REQUIREMENT =
What you give back from the listing below should be an exact copy of the lines from the one with "Black Petite Teddy" down to the one with "Plus Button Decoration Knit Dress", and it should contain no pictures.

PROVIDED RECORDS =
◆ ◆ ◆ ◆ ◆ ◆ ◆

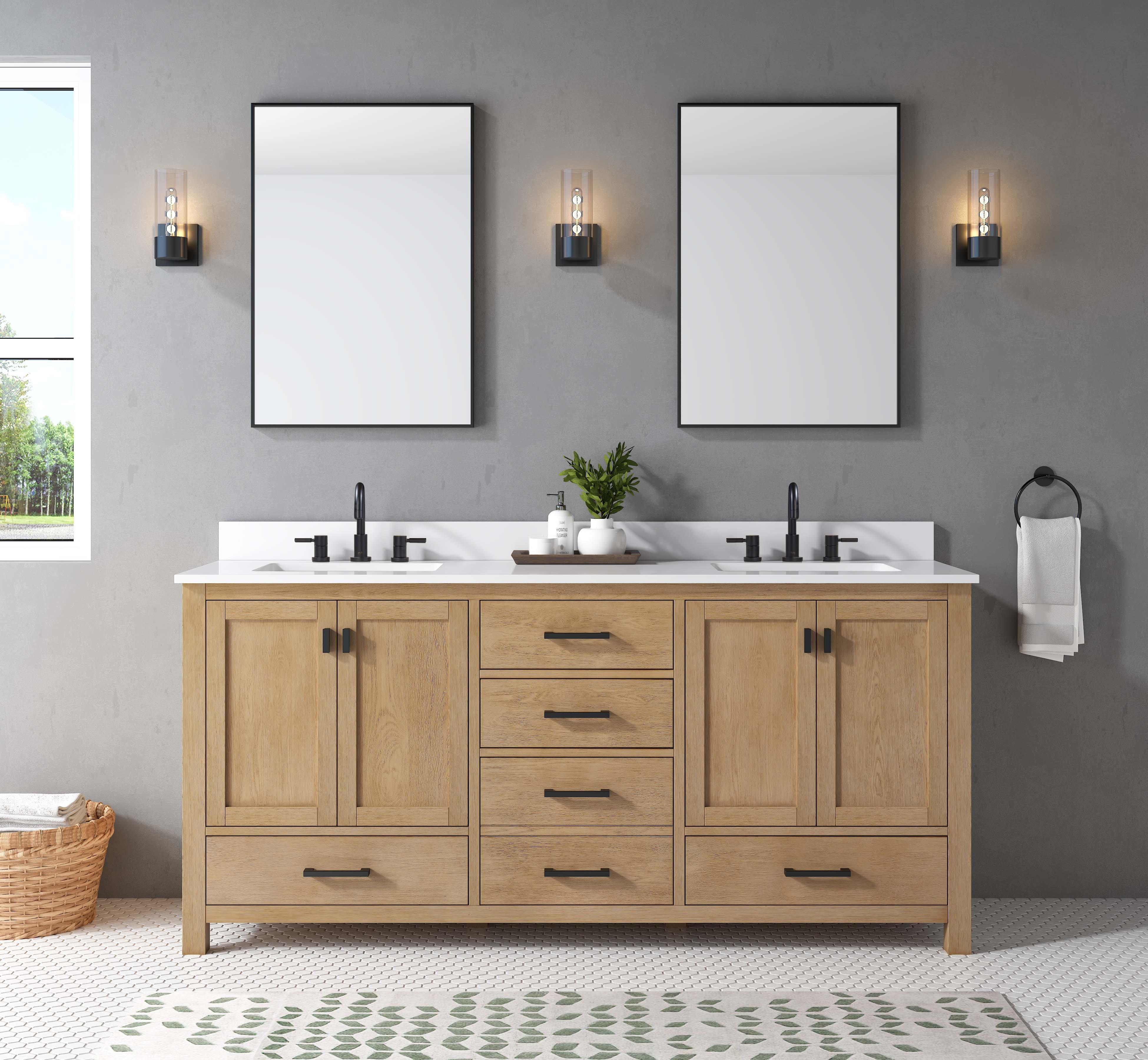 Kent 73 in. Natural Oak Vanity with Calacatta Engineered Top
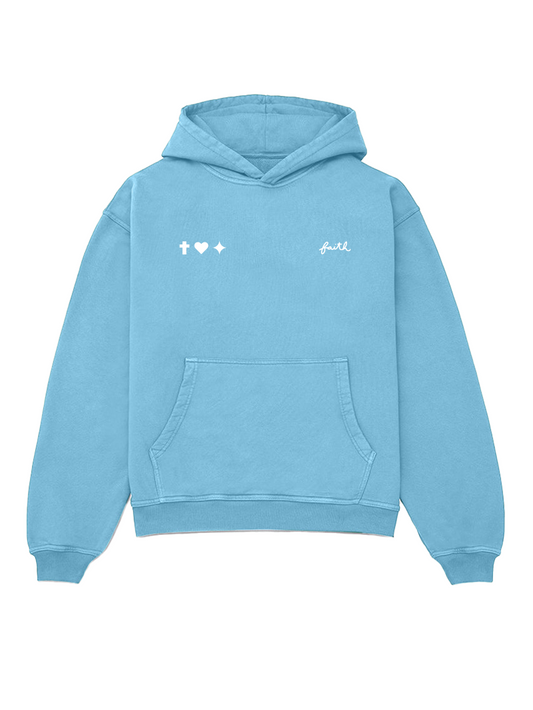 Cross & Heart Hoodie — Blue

◆ ◆ ◆ ◆ ◆ ◆ ◆

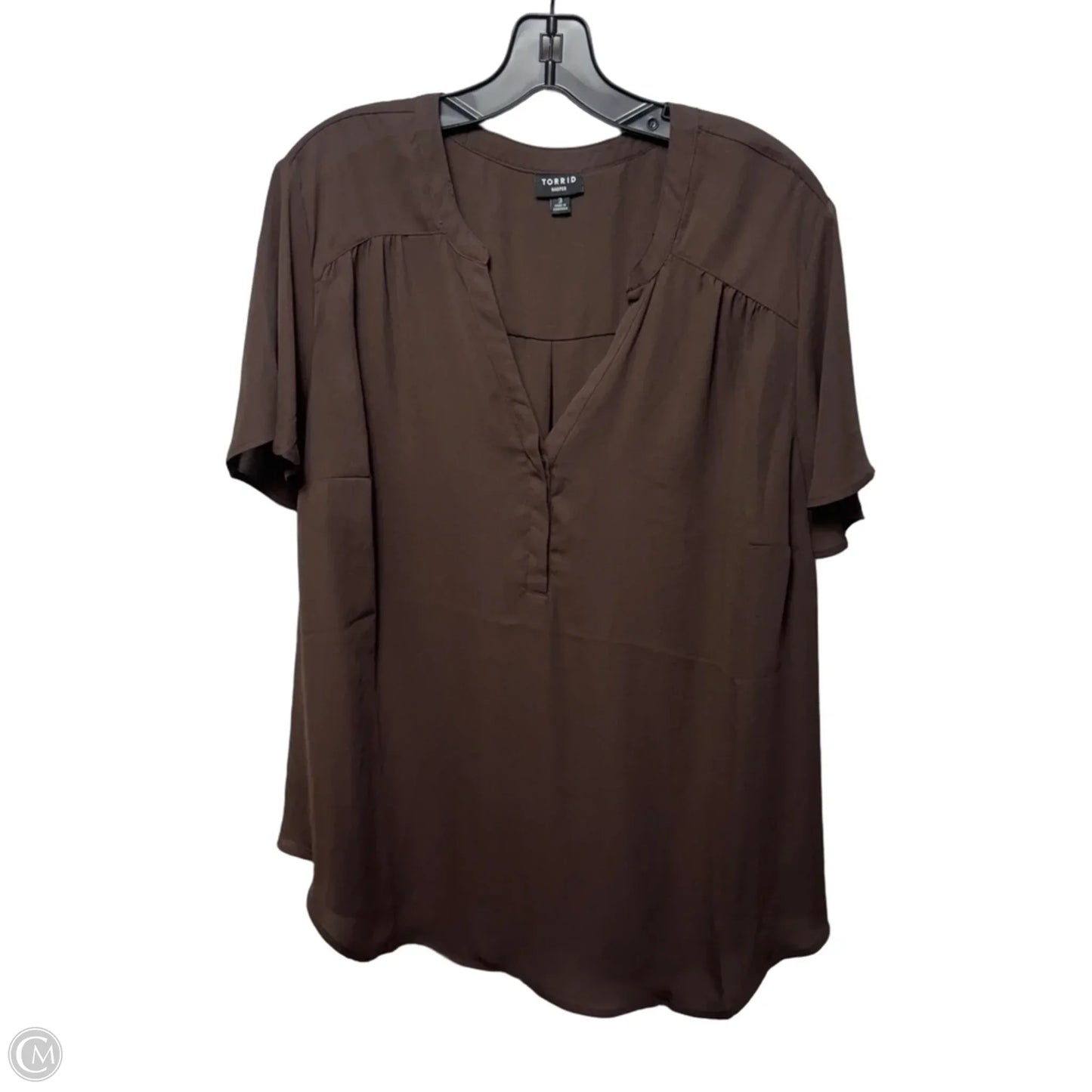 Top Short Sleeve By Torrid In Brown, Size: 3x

◆ ◆ ◆ ◆ ◆ ◆ ◆

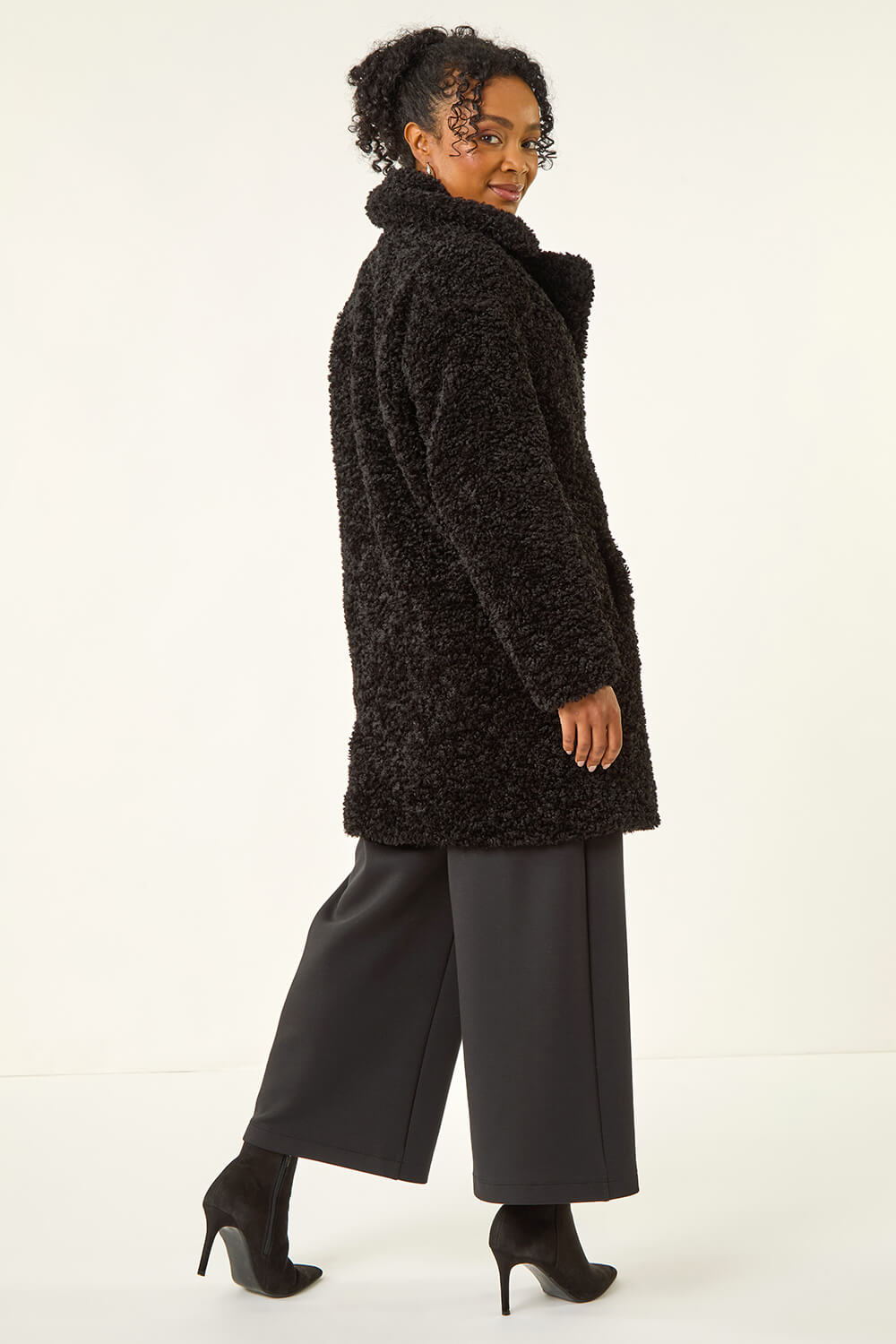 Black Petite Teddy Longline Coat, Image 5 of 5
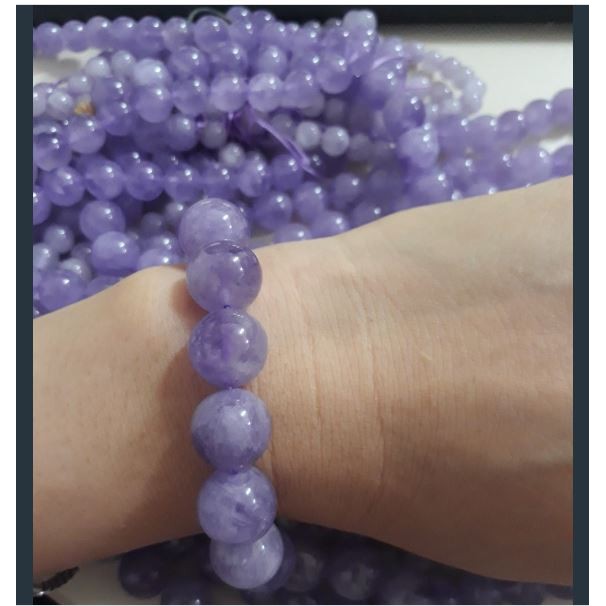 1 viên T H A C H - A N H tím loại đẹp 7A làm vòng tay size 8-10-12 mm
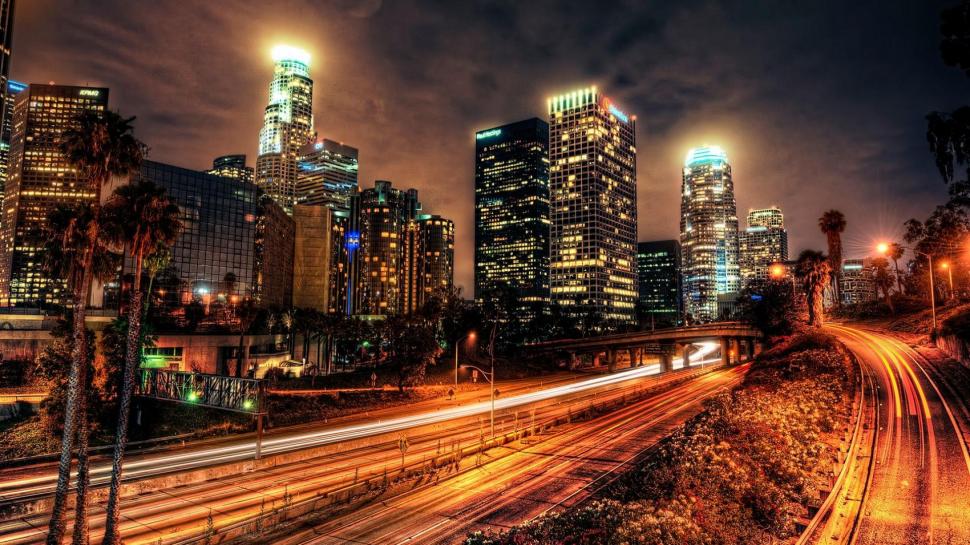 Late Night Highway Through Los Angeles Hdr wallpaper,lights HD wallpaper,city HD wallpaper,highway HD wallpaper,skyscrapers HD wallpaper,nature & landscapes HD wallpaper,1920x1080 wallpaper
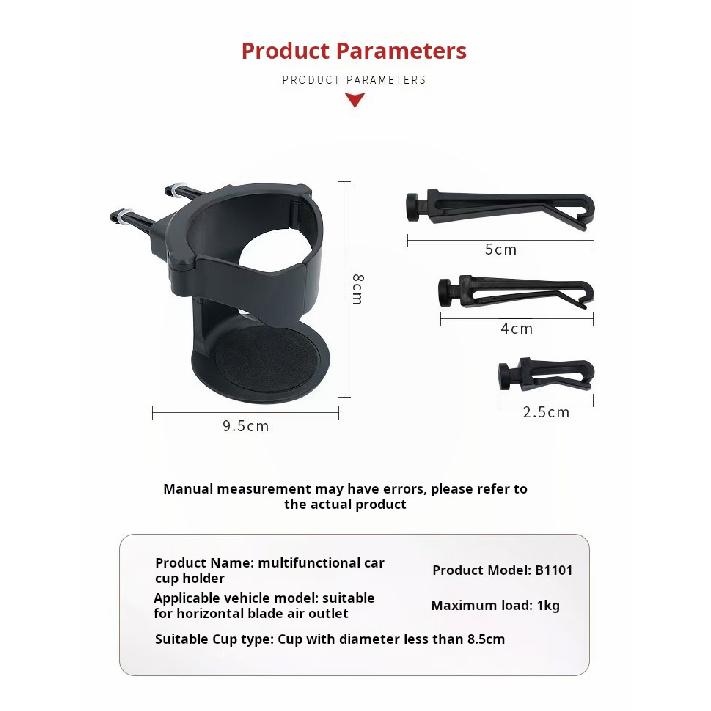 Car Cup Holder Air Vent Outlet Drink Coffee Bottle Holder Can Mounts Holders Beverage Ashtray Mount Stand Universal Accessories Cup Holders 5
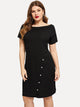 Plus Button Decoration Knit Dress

◆ ◆ ◆ ◆ ◆ ◆ ◆

ANSWER FOR THIS EXERCISE =
 Black Petite Teddy Longline Coat, Image 5 of 5
 1 viên T H A C H - A N H tím loại đẹp 7A làm vòng tay size 8-10-12 mm
 Late Night Highway Through Los Angeles Hdr wallpaper,lights HD wallpaper,city HD wallpaper,highway HD wallpaper,skyscrapers HD wallpaper,nature & landscapes HD wallpaper,1920x1080 wallpaper
 Car Cup Holder Air Vent Outlet Drink Coffee Bottle Holder Can Mounts Holders Beverage Ashtray Mount Stand Universal Accessories Cup Holders 5
 Plus Button Decoration Knit Dress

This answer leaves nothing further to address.